The German service members and their comrades from France, Belgium, Spain and Luxembourg accomplished the assigned tactical tasks together in mixed groups. Later, the participants compared their own approach to what actually happened on the battlefield in 1916.
Commemorative Chapel in the Ossuary of Douaumont
Highlight of the educational trip was a solemn commemoration ceremony held by the Deputy Commander Eurocorps, the French Major General Philippe Sommaire, and the Chief of Staff Eurocorps, Brigadier General Georg Nachtsheim, in the Ossuary of Douaumont near Verdun. In the presence of local representatives of the Verdun region, they commemorated the 260 000 dead and the 470 000 wounded who had to be deplored in this front section done in the year 1916. A wreath was laid down and an eternal flame kindled in honour of the victims. For the Eurocorps members it was a particularly emotional moment when letters written by French and German soldiers during World War I were read out in their mother tongue and not in English as would have been the normal way of proceeding in Eurocorps. Hearing the letters in their native language allowed the participants to better grasp the horrors felt in the trenches of World War I and the suffering of the servicemen of the fighting nations.
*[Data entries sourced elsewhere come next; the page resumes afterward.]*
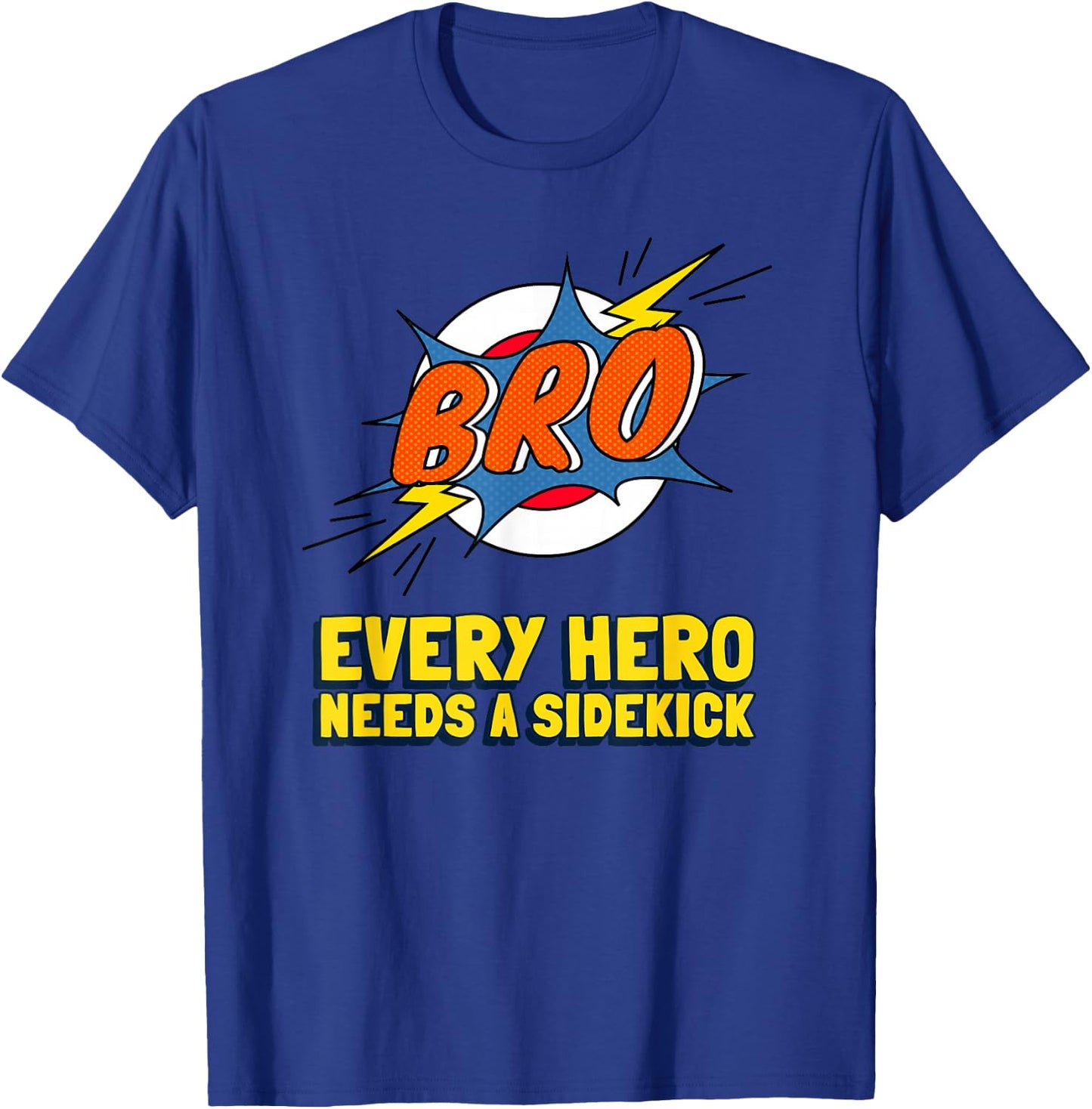 Super Brother Superhero Every Hero Needs A Sidekick From Sis T-Shirt - T-Shirt | Royal
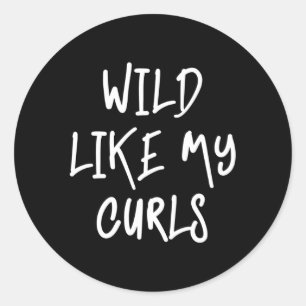 Wild zoals mijn krullen krullend haar ronde sticker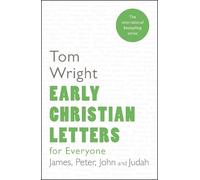 Tom Wright Early Christian Letters for Everyone (Tascabile)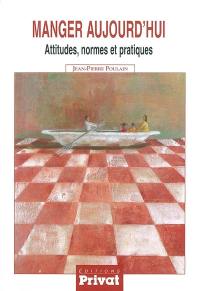 Manger aujourd'hui : attitudes, normes et pratiques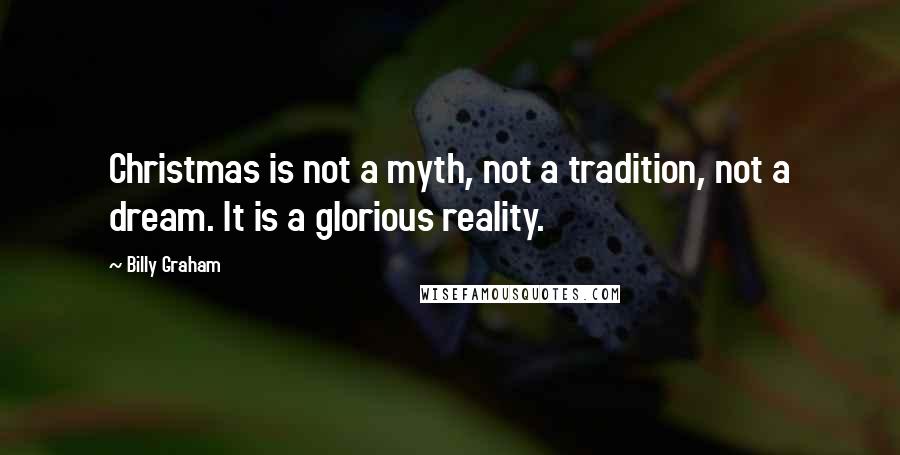 Billy Graham Quotes: Christmas is not a myth, not a tradition, not a dream. It is a glorious reality.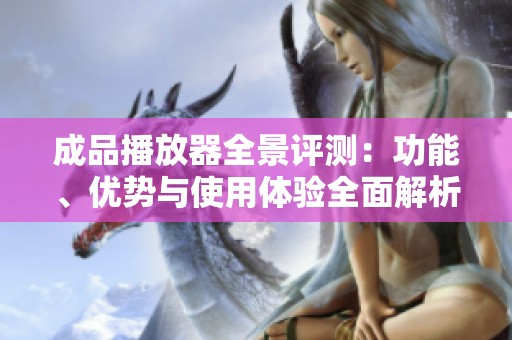 成品播放器全景评测：功能、优势与使用体验全面解析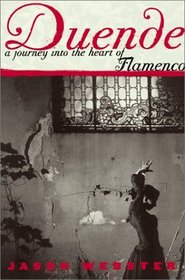 Duende : A Journey Into the Heart of Flamenco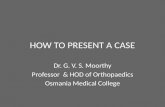 How to present a case
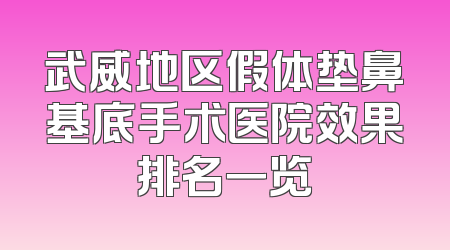 武威地区假体垫鼻基底手术医院效果排名一览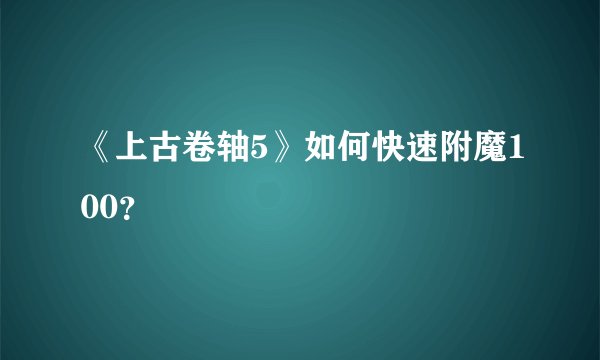 《上古卷轴5》如何快速附魔100？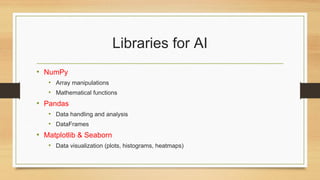 Libraries for AI
• NumPy
• Array manipulations
• Mathematical functions
• Pandas
• Data handling and analysis
• DataFrames
• Matplotlib & Seaborn
• Data visualization (plots, histograms, heatmaps)
 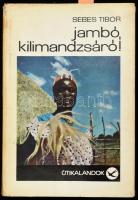 Sebes Tibor: Jambó, Kilimandzsáró! A szerző, Sebes Tibor (1929-2011) újságíró által DEDIKÁLT! Bp., 1967, Táncsics. Egy színes kihajtható térkép melléklettel. Fekete-fehér képekkel rendkívül gazdagon illusztrált. Kiadói egészvászonkötés, kiadói kissé sérült és gerincén kissé foltos papír védőborítóval, néhány lap kijár és alja kissé foltos.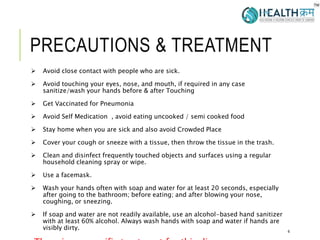 PRECAUTIONS & TREATMENT
 Avoid close contact with people who are sick.
 Avoid touching your eyes, nose, and mouth, if required in any case
sanitize/wash your hands before & after Touching
 Get Vaccinated for Pneumonia
 Avoid Self Medication , avoid eating uncooked / semi cooked food
 Stay home when you are sick and also avoid Crowded Place
 Cover your cough or sneeze with a tissue, then throw the tissue in the trash.
 Clean and disinfect frequently touched objects and surfaces using a regular
household cleaning spray or wipe.
 Use a facemask.
 Wash your hands often with soap and water for at least 20 seconds, especially
after going to the bathroom; before eating; and after blowing your nose,
coughing, or sneezing.
 If soap and water are not readily available, use an alcohol-based hand sanitizer
with at least 60% alcohol. Always wash hands with soap and water if hands are
visibly dirty. 4
 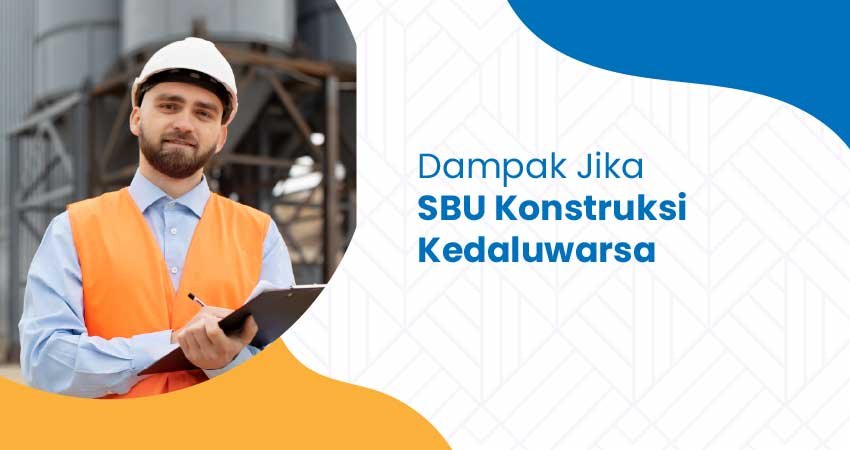 sbu konstruksi kedaluwarsa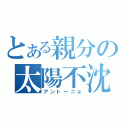 とある親分の太陽不沈（アントーニョ）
Contribution to the Unification of Europe
Against this backdrop, not only the younger participants understood the particular concern of the former French President François Mitterrand and the then Federal Chancellor Helmut Kohl as - when laying down a wreath together at the very site in 1984 - they not only commemorated the victims of war but also emphasized the Franco-German friendship and the reconciliation process. Both nations have made by this an exemplary contribution to peace in Europe and to the European unification.
The Eurocorps has been a symbol thereof ever since it was established by these two statesmen in 1992. A visible sign substantiating this claim is that within the fortification system around Fort Douaumont the main street running past the central national memorial museum was named “Avenue du Corps Européen” in 1994.